When I was through answering that question, he pretended to check through his wallet and I pretended to be looking for someone. Finally I offered him a Tareyton, which he gladly took. When Skye finally came back, he seemed greatly relieved.

“Okay,” she inhaled. “Well, it was nice to see you.” Taking my cue, I returned downstairs to my lukewarm tropical nectar. Stuart had disappeared from behind the bar, and Cassie had abandoned her sidebar post. She did, however, leave a clue. On top of her jacket was a message in blue eyeliner on a yellow tiki cocktail napkin. It had tiny straw huts and dancing natives getting it on around the edges.

“Be right back,” it read, in loopy blue kohl. The windows
separating the storage room were foggy, tiny veins of condensation running down the panes and over the doorframe onto the linoleum, where combat boots on dancing punk rockers smudged them away.

Getting Lucky

I got a message from Skye the next day.

When I called back, she didn't answer, so I started leaving a message: “Hey babe, it's me, I'm sorry I interrupted your date last night. Call me—”

She picked up the phone. “Amy? I'm so glad I got you! I need to ask you about something.”

“Sure.”

“My friend Peter really liked you last night.”

“That's nice.” I paused. “Weren't you on a date?”

“No!” she laughed. “We work together. We were having a meeting. He's the curator of the Art Cooper gallery. They have a few pieces of mine right now. Anyway, he asked me if you were dating someone and I said—I hope this is okay—I didn't think you were.” It didn't seem possible to me that Peter, or any guy, for that matter, could not be in love with Skye. Although I believed that she thought they weren't on a date, I figured he must have secretly hoped it would turn into one. I simply wasn't buying that some cute guy could hang out with Skye and not be under her spell. She slayed men. Everyone wanted her.

“So, can I give him your number?” she pleaded.

“Are you sure he wants it?” I asked.

“Amy!”

I relented, but told her to give him my e-mail instead. I figured that if he'd gone to all the effort of asking about me, maybe he really was interested.

At my desk later, I heard the satisfying ping of incoming e-mail. I checked my inbox. There was a message from Peter. The subject line said, “AMY, AMy Amy, amy” “Amy, I very much enjoyed meeting you the other night, and getting a chance to smoke your tobacco. I would leap through puddles (and risk a soaker) to see you again. If you're interested, maybe you'll send me your phone number. Hoping to get lucky, Peter.”

My heart was in my mouth. I was touched. “Would you brave the Harlem Meer and risk the perilous jaws of the vicious mini-Alligator? If so, I'll meet you on the other side.” Send.

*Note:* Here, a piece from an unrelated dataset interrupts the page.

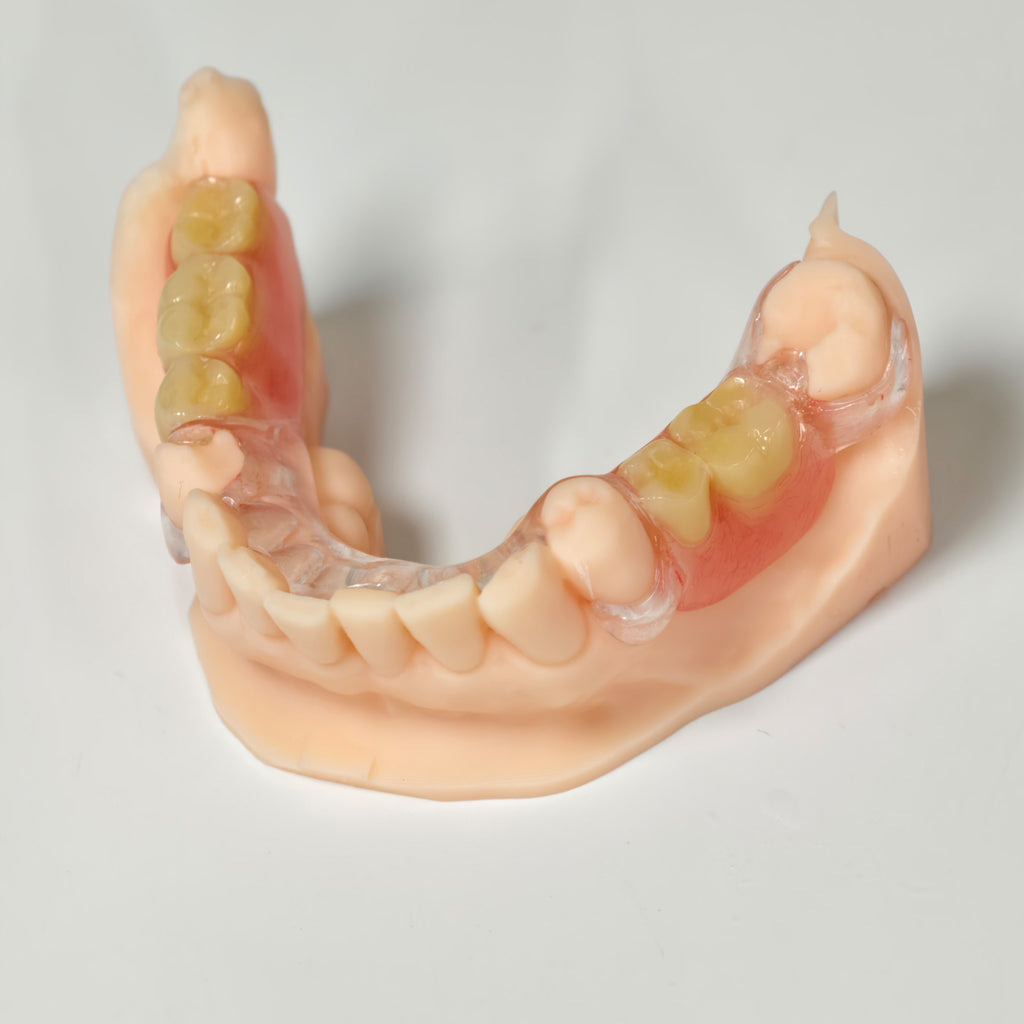 Clear Framework With Acrylic Denture Aesthetic Denture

That night, I sat in my living room and stared at the lights. Three spindly threads of spider silk fell around the center of the bulb right above me. The translucent fibers trembled faintly from the movement of air in the room. My breathing slowed. I saw a tiny dark spot emerge from the white-hot center of the bulb. When I looked directly at it, the speck practically disappeared against the light, but if I fixed my sight just to the right of it, I could see it more clearly, a tiny almond-shaped rhizome falling from the sky. It grew larger, and materialized as a quivering fine line around a smaller, darker nucleus. It was a tiny sac, pulsing slowly with the air, when the edge of the line was pierced and seemed to melt into a squirming larger dark blot. I rolled off the couch and watched as dozens of baby spiders pitched their worlds on tiny spindles thinner than eyelashes. Evidence of these little lives that, I supposed, could be done in with a hearty sneeze.

Yankee My Doodle

When Ben and I broke up, he had just come back from three weeks on location in upstate New York, shooting his second-year movie short for NYU's graduate film school. We had spoken occasionally, but I'd resolved myself to end it right before he left. I had
found him, for, like, the fifth time, getting high in our apartment, drunk and stinking and laughing at me. I was years past my drug-experimentation phase, and tired of being the stern taskmaster girlfriend-slash-mommy to him. By the time he'd returned, I'd gone through my process of loss: sadness, anger, listlessness, weight loss, and then renewal. I felt hardened and excited about changing my life. We were a week away from our five-year anniversary. He came over to my tiny apartment, where, I'd assured him, I'd moved just months before “not because we're breaking up,” but to have “more independence.”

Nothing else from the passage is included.